“I have zero problems with a female fighter pilot as it does not take great upper body strength to to be a fighter pilot.”
Flying the Tomcat took a substantial amount of upper body strength. Flying any fighter requires the strength to stand up to G forces.
“If she can meet the same standards”
She can’t. Ever. That’s why they have to lower standards to get women in the force. Even if women could meet standards, which they can’t, their mere presence creates problems that our fighting men shouldn’t have to deal with.
Neck strength alone should disqualify any woman.

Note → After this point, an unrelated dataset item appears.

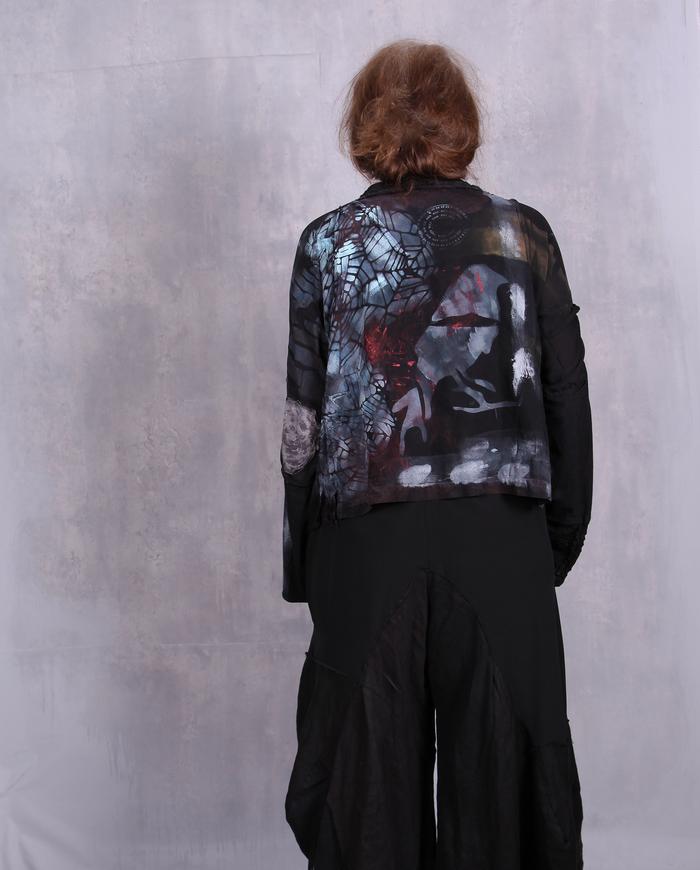 'right in the city web' mixed natural fabrics graphic blouse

Exactly. You said it far more concisely than I could. It is a fallacy to think that flying a fighter aircraft doesn’t take physical strength. As you seem to know, it does, and if you are in an engagement with another aircraft, that can be the difference.

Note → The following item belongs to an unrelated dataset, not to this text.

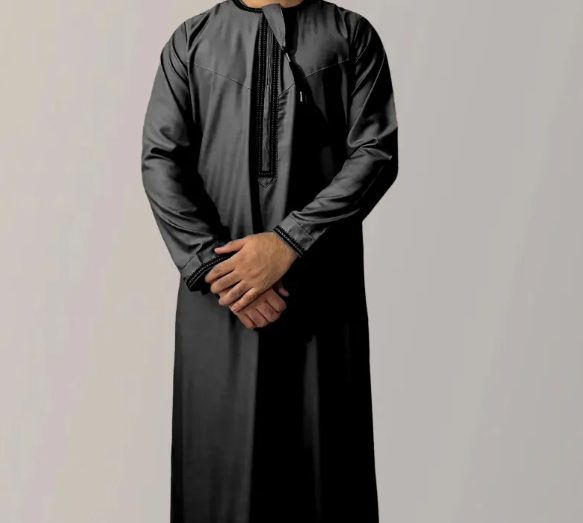 Qamis homme brodé à pompons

I recall reading that in aerial combat, a pilot could tell if his adversary was tired or weakened by the way he flew his plane. There was a lack of crispness or control that was visually telling, and could be decisive.
As for the strength one needs to man a combat vessel, one need only read “Neptune’s Inferno” about the naval campaigns around the Solomon Islands in 1942. The physical strength of the men on a ship was often the only thing keeping it above the water. When all the fire mains have been shot out and you have to resort to buckets, upper body strength is everything. And that doesn’t even take into account having to remove men or ammunition from burning compartments to save their lives or the life of the ship.
People make this error of assuming that because the bridge of a ship and her weapons are all electronic, that physical strength is irrelevant and all one has to do is be able to read a computer screen and push buttons is absolutely ludicrous.